Contrairement à la vacation forte, il ne comporte pas de jour « faible » au lendemain du jour « fort », qui entraine une baisse importante de la capacité opérationnelle.

S'il estime que ce nouveau régime cyclique pourrait constituer une voie de sortie de crise, le rapporteur spécial regrette à nouveau que les difficultés prévisibles liées à la vacation forte aient fait perdre trois années à l'institution policière , cristallisant de nombreuses crispations et générant des tensions entre les unités bénéficiant de cette dernière et les autres. Cette perte de temps apparaît d'autant plus regrettable que son caractère insoutenable, sur le plan opérationnel, condamnait la vacation forte avant même son expérimentation.

Il rappelle en outre que la « bombe à retardement » 35 ( * ) que constituait la vacation forte n'a toujours pas été pleinement désamorcée, puisque cette dernière est toujours en vigueur pour près de 10 % des effectifs travaillant en régime cyclique 36 ( * ) . Son abandon définitif apparaît comme une nécessité , tant pour restaurer la capacité opérationnelle des services concernés, que pour éviter la subsistance de tensions avec les services ne bénéficiant pas de ce régime.

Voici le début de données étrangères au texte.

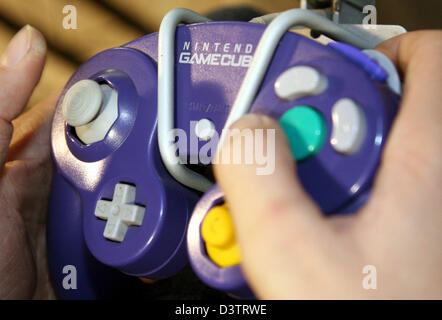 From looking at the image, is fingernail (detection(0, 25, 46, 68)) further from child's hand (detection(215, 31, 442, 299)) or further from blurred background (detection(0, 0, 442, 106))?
child's hand (detection(215, 31, 442, 299))

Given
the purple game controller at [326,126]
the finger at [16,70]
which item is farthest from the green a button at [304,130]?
the finger at [16,70]

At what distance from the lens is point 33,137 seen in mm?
646

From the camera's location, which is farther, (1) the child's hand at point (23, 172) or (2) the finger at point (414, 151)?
(1) the child's hand at point (23, 172)

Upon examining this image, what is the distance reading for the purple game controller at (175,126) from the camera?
1.08 ft

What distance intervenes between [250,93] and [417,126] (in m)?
0.13

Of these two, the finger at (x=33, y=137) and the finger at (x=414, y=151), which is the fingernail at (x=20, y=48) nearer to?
the finger at (x=33, y=137)

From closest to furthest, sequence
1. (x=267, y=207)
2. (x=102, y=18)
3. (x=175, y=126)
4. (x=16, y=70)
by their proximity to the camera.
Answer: (x=267, y=207)
(x=175, y=126)
(x=16, y=70)
(x=102, y=18)

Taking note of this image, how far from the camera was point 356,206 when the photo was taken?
313 millimetres

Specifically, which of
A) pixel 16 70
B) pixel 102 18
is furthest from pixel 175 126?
pixel 102 18

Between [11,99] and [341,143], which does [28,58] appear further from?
[341,143]

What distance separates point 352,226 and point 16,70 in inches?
17.4

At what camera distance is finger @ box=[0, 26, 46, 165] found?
0.55m

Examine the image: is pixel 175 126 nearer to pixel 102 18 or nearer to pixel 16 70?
pixel 16 70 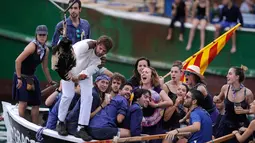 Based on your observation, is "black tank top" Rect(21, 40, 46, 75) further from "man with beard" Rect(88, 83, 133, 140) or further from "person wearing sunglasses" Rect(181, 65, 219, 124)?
"person wearing sunglasses" Rect(181, 65, 219, 124)

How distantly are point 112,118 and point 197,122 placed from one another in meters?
1.17

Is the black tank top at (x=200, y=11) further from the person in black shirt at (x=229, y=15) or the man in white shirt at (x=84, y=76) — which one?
the man in white shirt at (x=84, y=76)

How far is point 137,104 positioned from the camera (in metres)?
13.1

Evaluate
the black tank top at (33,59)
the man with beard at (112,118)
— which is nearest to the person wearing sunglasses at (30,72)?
the black tank top at (33,59)

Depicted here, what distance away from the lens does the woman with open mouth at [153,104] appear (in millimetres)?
13258

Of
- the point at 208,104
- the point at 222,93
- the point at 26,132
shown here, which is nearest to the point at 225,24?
the point at 222,93

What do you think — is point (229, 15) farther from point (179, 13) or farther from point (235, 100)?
point (235, 100)

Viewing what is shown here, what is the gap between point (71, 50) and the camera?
42.1 feet

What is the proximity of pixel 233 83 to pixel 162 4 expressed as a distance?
9.07 m

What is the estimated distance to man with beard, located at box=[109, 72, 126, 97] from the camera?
13.2 metres

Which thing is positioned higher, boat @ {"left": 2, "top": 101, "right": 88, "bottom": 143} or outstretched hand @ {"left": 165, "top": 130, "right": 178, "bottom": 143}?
outstretched hand @ {"left": 165, "top": 130, "right": 178, "bottom": 143}

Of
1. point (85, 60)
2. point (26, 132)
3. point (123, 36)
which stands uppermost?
point (85, 60)

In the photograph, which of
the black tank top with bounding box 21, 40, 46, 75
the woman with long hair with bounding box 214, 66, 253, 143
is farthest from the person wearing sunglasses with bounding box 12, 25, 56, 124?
the woman with long hair with bounding box 214, 66, 253, 143

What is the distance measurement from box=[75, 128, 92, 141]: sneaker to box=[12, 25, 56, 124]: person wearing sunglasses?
1.68m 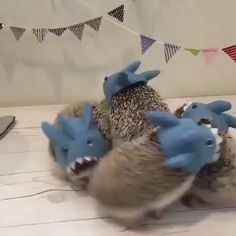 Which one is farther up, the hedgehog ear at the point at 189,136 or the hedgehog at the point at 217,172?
the hedgehog ear at the point at 189,136

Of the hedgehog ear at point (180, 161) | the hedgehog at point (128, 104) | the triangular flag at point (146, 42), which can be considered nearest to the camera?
the hedgehog ear at point (180, 161)

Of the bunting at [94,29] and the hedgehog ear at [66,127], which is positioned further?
the bunting at [94,29]

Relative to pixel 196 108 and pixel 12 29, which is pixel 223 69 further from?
pixel 12 29

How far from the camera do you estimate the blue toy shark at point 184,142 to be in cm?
74

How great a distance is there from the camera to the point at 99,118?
903 mm

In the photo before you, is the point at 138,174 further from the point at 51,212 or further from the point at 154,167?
the point at 51,212

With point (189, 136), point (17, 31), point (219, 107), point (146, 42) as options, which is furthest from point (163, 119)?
point (17, 31)

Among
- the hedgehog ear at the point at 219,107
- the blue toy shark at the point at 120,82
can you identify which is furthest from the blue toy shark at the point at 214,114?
the blue toy shark at the point at 120,82

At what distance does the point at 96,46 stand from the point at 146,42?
12 cm

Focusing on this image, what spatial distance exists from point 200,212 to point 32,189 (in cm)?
30

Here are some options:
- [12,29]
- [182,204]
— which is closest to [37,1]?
[12,29]

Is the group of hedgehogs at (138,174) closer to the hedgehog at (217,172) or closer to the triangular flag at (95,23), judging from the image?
the hedgehog at (217,172)

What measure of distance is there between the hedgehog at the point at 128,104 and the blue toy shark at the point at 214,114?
0.05 metres

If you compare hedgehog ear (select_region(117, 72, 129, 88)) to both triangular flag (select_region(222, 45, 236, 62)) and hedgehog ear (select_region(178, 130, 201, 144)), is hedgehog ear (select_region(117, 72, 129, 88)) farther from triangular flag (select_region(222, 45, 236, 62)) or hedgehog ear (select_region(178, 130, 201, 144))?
triangular flag (select_region(222, 45, 236, 62)) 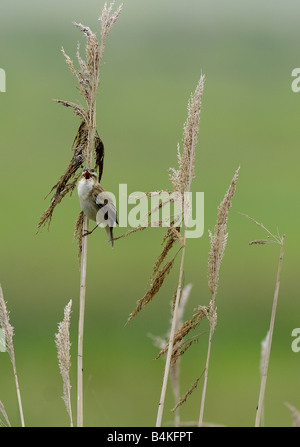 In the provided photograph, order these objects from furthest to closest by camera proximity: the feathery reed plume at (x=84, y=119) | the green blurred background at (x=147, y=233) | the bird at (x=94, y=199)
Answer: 1. the green blurred background at (x=147, y=233)
2. the bird at (x=94, y=199)
3. the feathery reed plume at (x=84, y=119)

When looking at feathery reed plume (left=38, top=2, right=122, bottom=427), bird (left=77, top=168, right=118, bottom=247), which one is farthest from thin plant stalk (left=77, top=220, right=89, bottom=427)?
bird (left=77, top=168, right=118, bottom=247)

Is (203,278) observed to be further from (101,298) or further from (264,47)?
(264,47)

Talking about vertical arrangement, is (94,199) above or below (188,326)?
above

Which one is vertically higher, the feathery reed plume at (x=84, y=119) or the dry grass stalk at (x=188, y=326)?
the feathery reed plume at (x=84, y=119)

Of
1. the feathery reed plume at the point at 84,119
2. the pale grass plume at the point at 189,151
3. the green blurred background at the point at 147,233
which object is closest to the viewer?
the pale grass plume at the point at 189,151

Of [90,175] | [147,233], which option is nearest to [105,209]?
[90,175]

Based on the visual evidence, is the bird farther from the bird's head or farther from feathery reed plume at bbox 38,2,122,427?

* 31 Directive 2003/88/CE du Parlement européen et du Conseil du 4 novembre 2003 concernant certains aspects de l'aménagement du temps de travail.

* 32 Décret n° 2017-109 du 30 janvier 2017 modifiant le décret n° 2002-1279 du 23 octobre 2002 portant dérogations aux garanties minimales de durée du travail et de repos applicables aux personnels de la police nationale.

* 33 Rapport général n° 140 (2016-2017) de M. Philippe Dominati, fait au nom de la commission des finances, déposé le 24 novembre 2016.

* 34 Évaluation des cycles horaires de travail, inspection générale de la police nationale, mars 2019.

* 35 Rapport général n° 140 (2016-2017) de M. Philippe Dominati, fait au nom de la commission des finances, déposé le 24 novembre 2016.

* 36 Chiffre transmis en octobre 2018 par la DGPN, soit après le « gel » du nombre d'unités pouvant recourir à ce cycle.